A box with a square base and no top is to be made from a square piece of carboard by cutting 4 in . squares from each corner and folding up the sides. The box is to hold \( 676 \mathrm{in}^{3} \). How big a piece of cardboard is needed? Your answer is: \( \square \mathrm{in} \). by.
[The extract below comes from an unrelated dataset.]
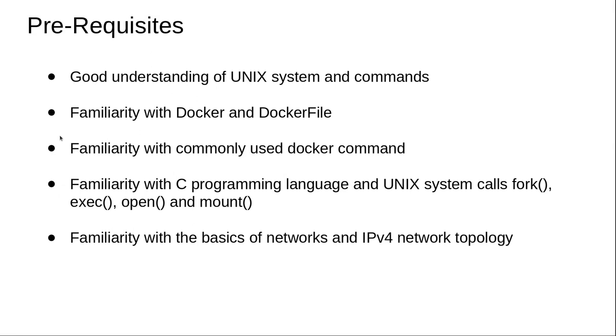There are certain prerequisites that I expect as part of this curriculum. A person who is going to go through this curriculum needs to understand the Unix system and its commands.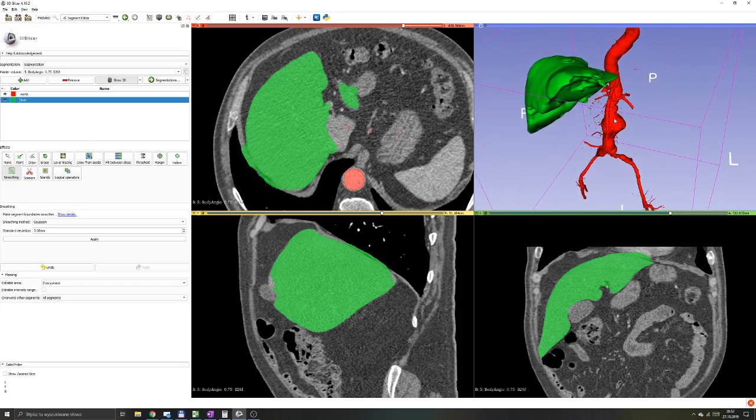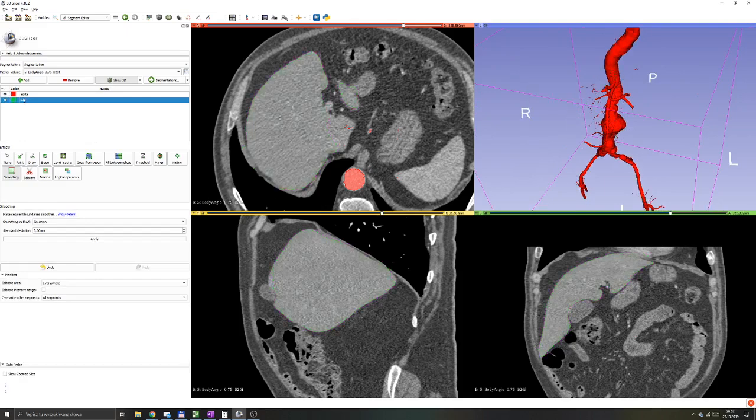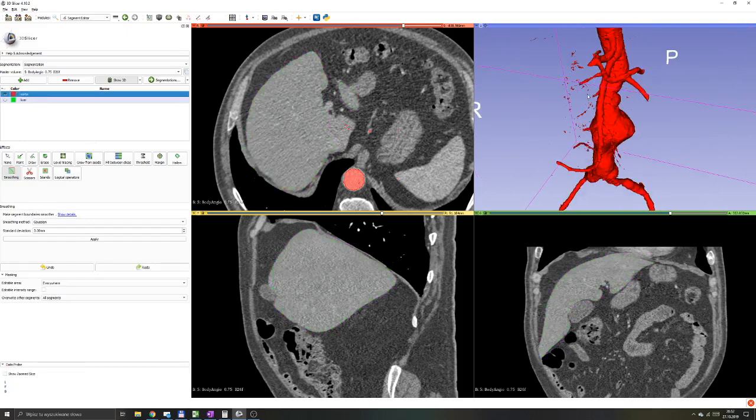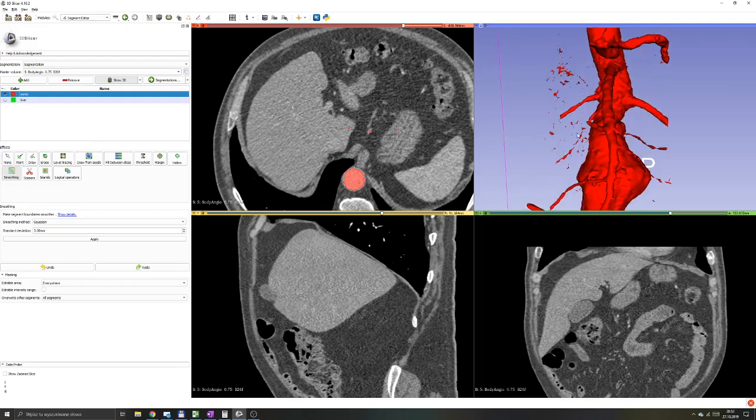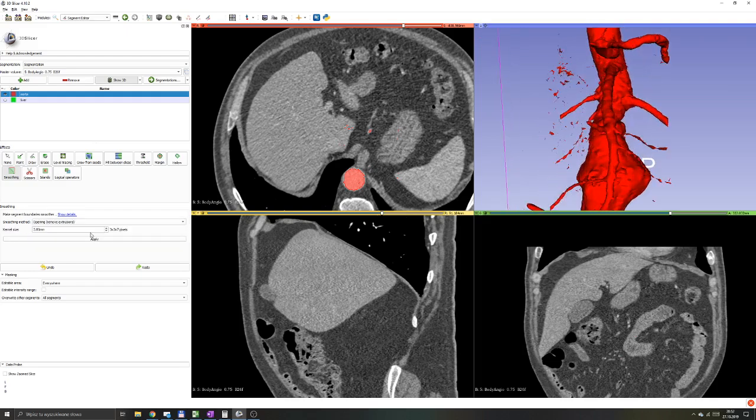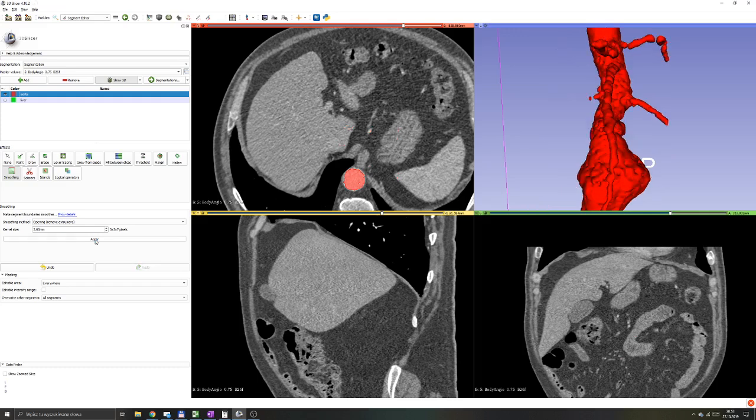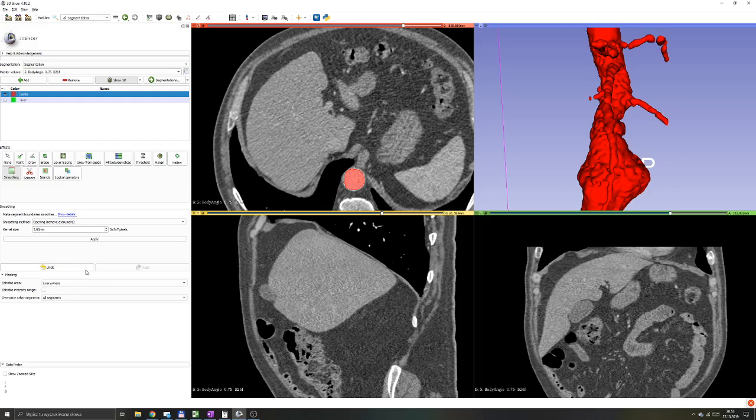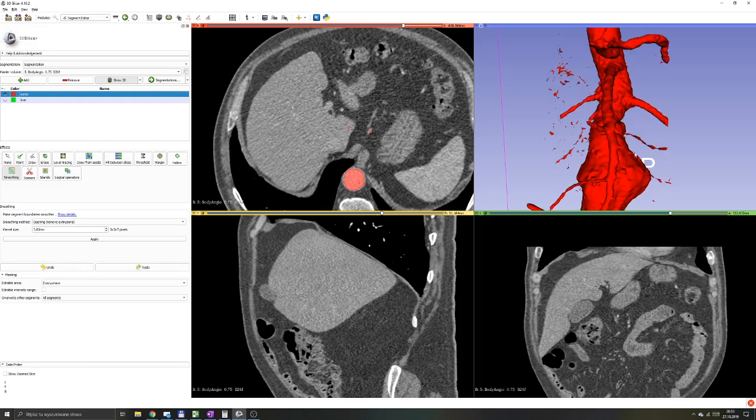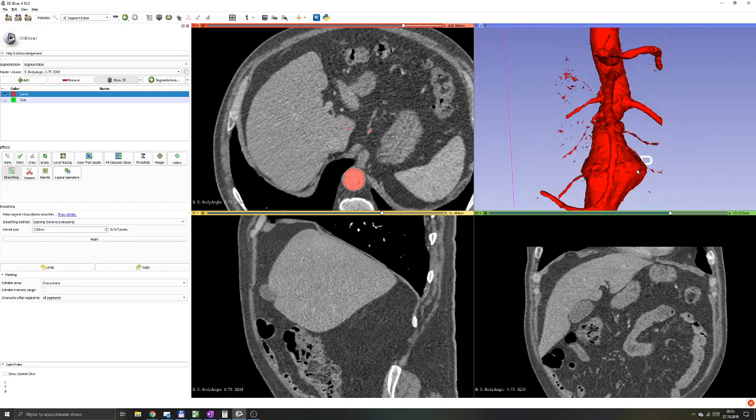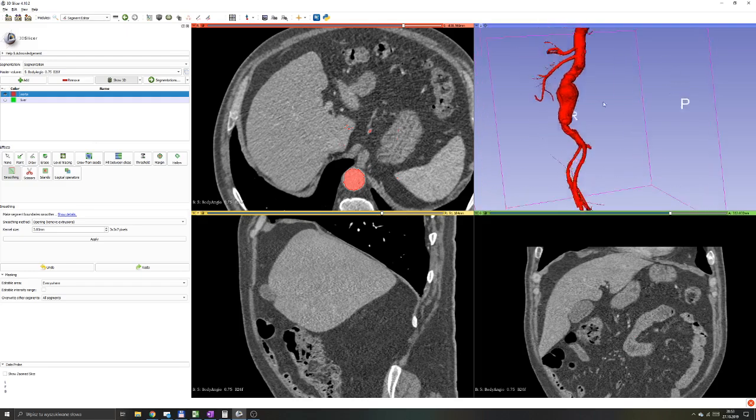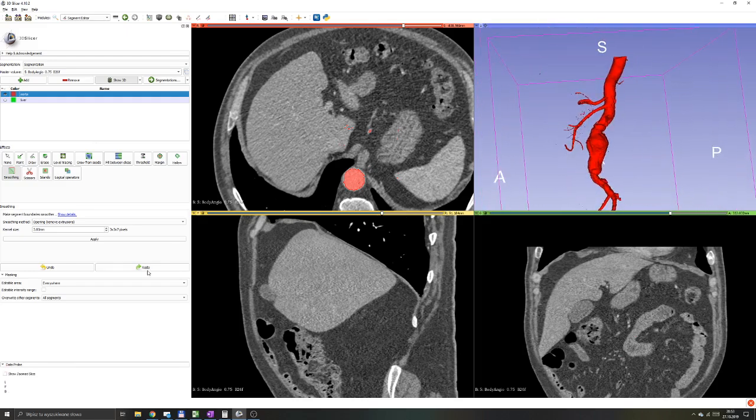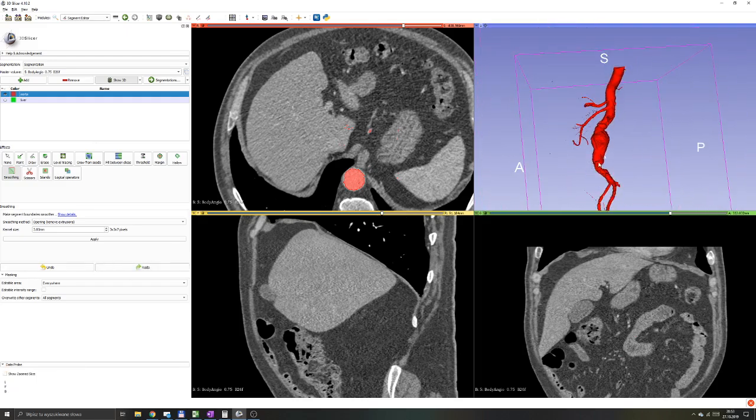Let's try the same with our aorta model. I said that remove extrusions method would be good. Let's find out whether it will work or not. Again, the kernel size over here, you might play a little bit whether three millimeters is too much or too little. Over here, it seems that it removed this noise outside of the aorta. Let's see whether it modified our anatomy too much. Maybe a little bit too much.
To find the size of the piece of cardboard needed to make the box, we need to determine the dimensions of the box's base and height. Given: - The box has a square base and no top. - 4 in. squares are cut from each corner and folded up to form the sides. - The box is to hold \( 676 \mathrm{in}^{3} \). Let's denote the side length of the square base as \( x \) inches. When the 4 in. squares are cut from each corner, the new side length of the base becomes \( x - 8 \) inches. The height of the box is the length of the side of the square cut from each corner, which is 4 inches. The volume of the box is given by the formula: \[ \text{Volume} = \text{Base Area} \times \text{Height} \] Substitute the given values: \[ 676 = (x - 8)^2 \times 4 \] Now, we can solve for \( x \) to find the size of the piece of cardboard needed. Solve the quadratic equation by following steps: - step0: Solve by factoring: \(676=\left(x-8\right)^{2}\times 4\) - step1: Reorder the terms: \(676=4\left(x-8\right)^{2}\) - step2: Swap the sides: \(4\left(x-8\right)^{2}=676\) - step3: Expand the expression: \(4x^{2}-64x+256=676\) - step4: Move the expression to the left side: \(4x^{2}-64x-420=0\) - step5: Factor the expression: \(4\left(x-21\right)\left(x+5\right)=0\) - step6: Divide the terms: \(\left(x-21\right)\left(x+5\right)=0\) - step7: Separate into possible cases: \(\begin{align}&x-21=0\\&x+5=0\end{align}\) - step8: Solve the equation: \(\begin{align}&x=21\\&x=-5\end{align}\) - step9: Rewrite: \(x_{1}=-5,x_{2}=21\) The solutions for \( x \) are \( x = -5 \) and \( x = 21 \). Since the side length of the square base cannot be negative, the size of the piece of cardboard needed is \( 21 \) inches.